_WORK REQUIRED:_ As output, give the exact lines from the one containing "Collier Coquillage &" through the end of the listing below, both included, without the pictures.

====

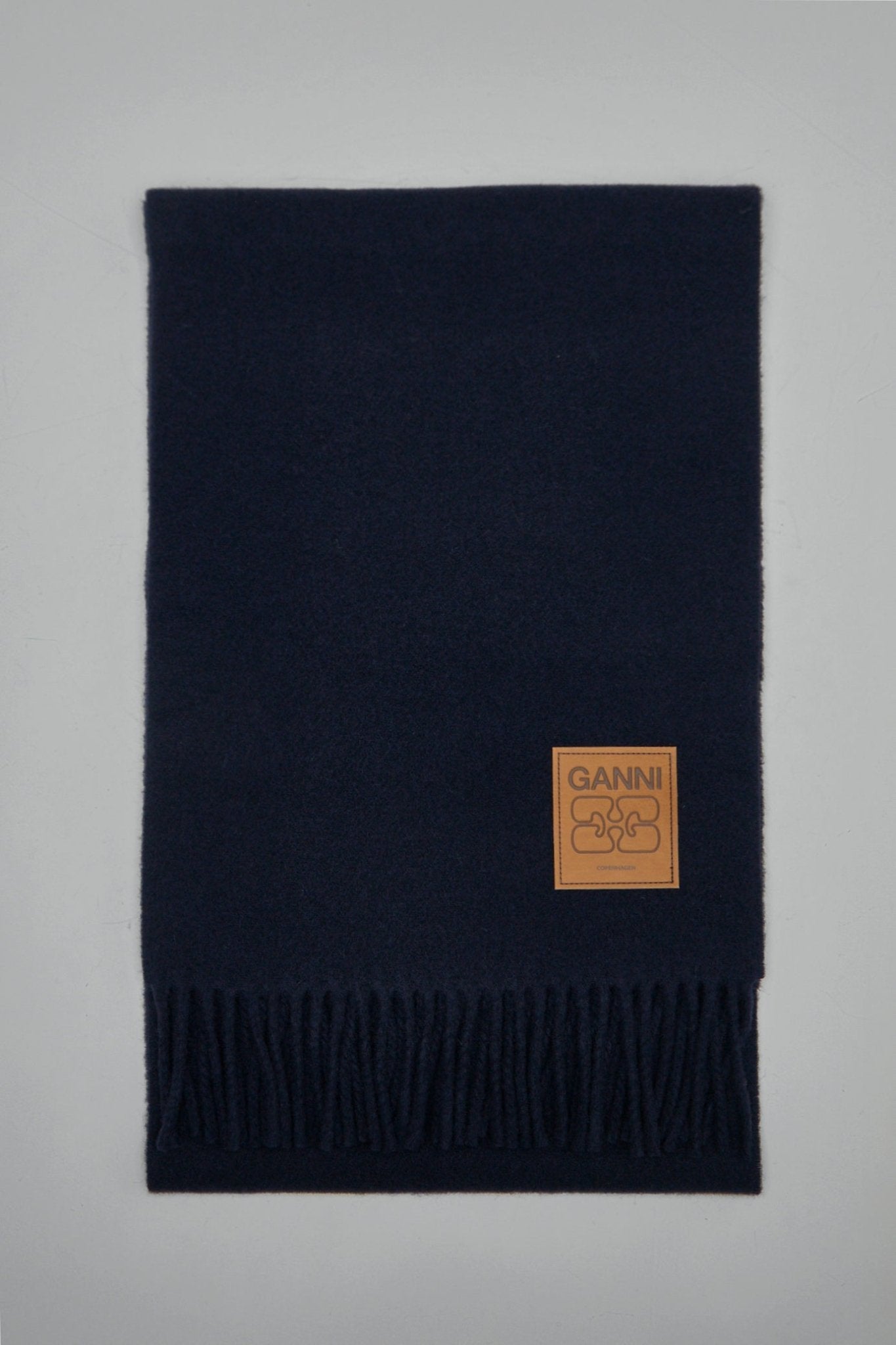 Double Face Wool Solid Scarf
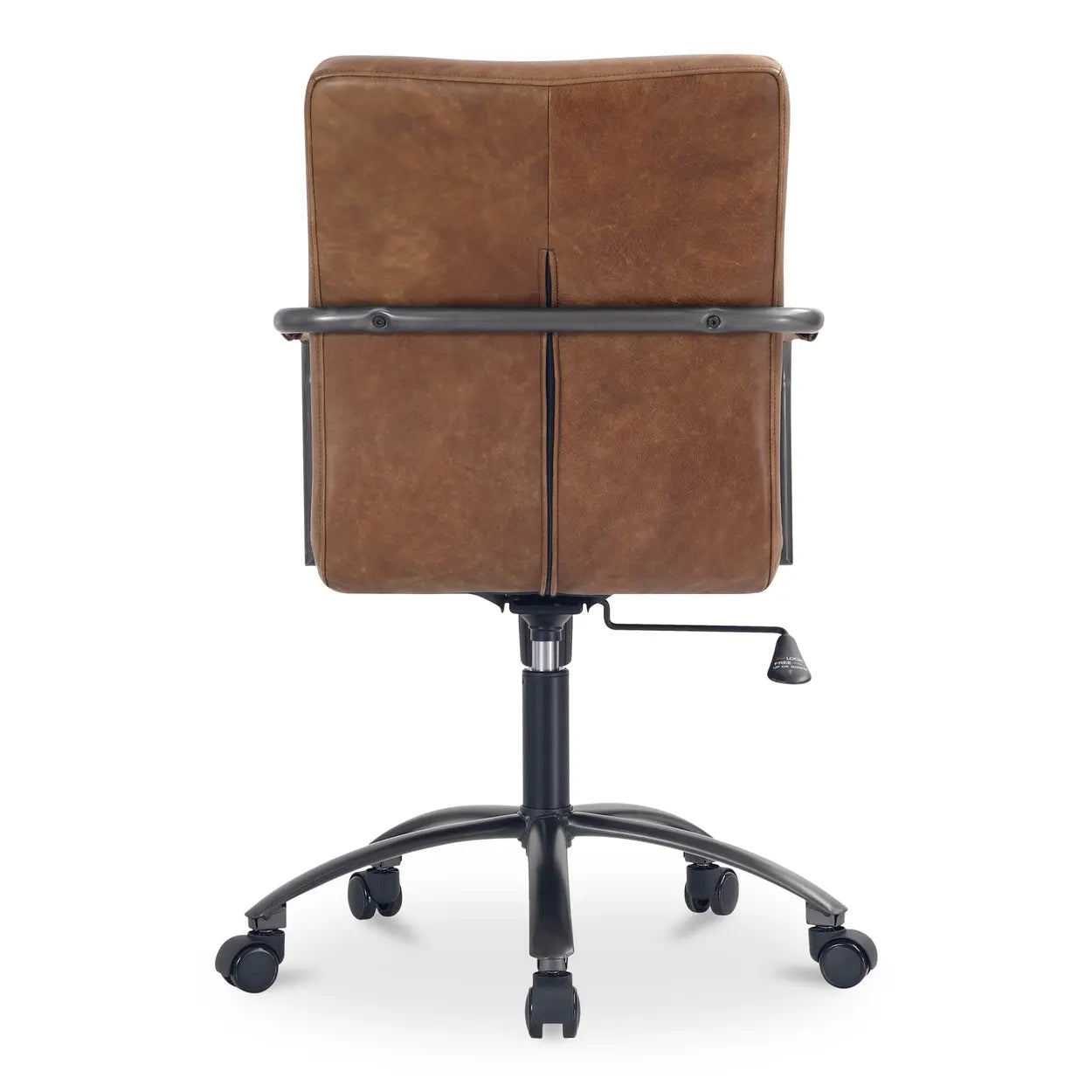 Modern Adjustable Black Leather Swivel Office Chair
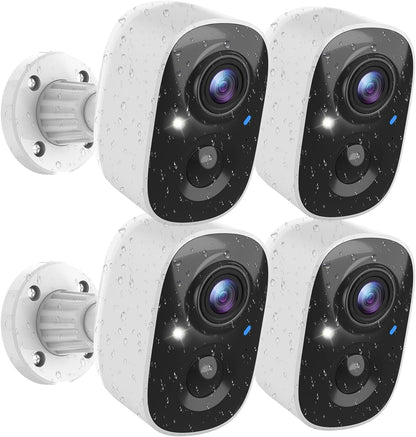 MaxiViz Wireless Camera Outdoor, Battery Powered Security Camera with 2K Color Night Vision, Outside Cameras with AI Motion Detection, 2-Way Talk, IP66 Weatherproof, SD/Cloud Storage, 2 Packs - PuriLite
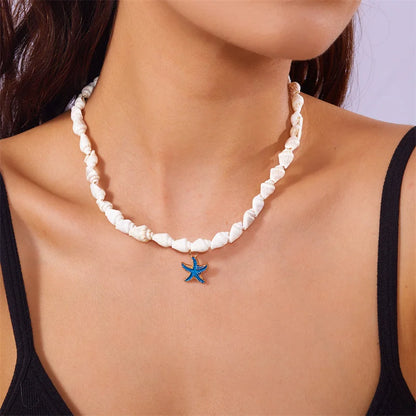 Collier Coquillage & Étoile de Mer | TA'ATA TAHITI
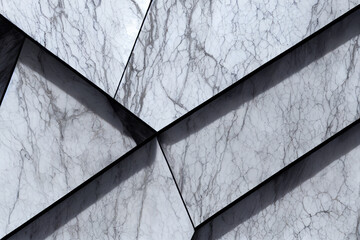 Wall Mural - top view of white marble texture background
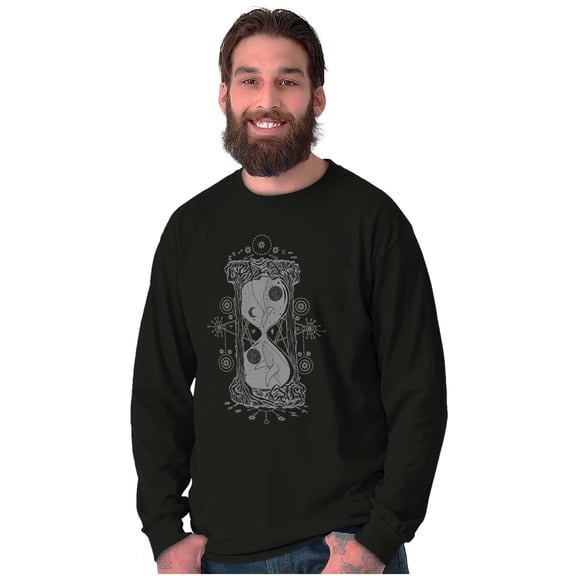 Hourglass Celestial Symbol Beautiful Plus Size Long Sleeve Graphic Tee Shirt Brisco Brands 2X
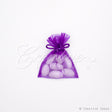3"X4" Organza Pouch-Dozen (Purple)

====

_COMPLETED TASK:_
 Collier Coquillage & Étoile de Mer | TA'ATA TAHITI
 Wall Mural - top view of white marble texture background
 Hourglass Celestial Symbol Beautiful Plus Size Long Sleeve Graphic Tee Shirt Brisco Brands 2X
3"X4" Organza Pouch-Dozen (Purple)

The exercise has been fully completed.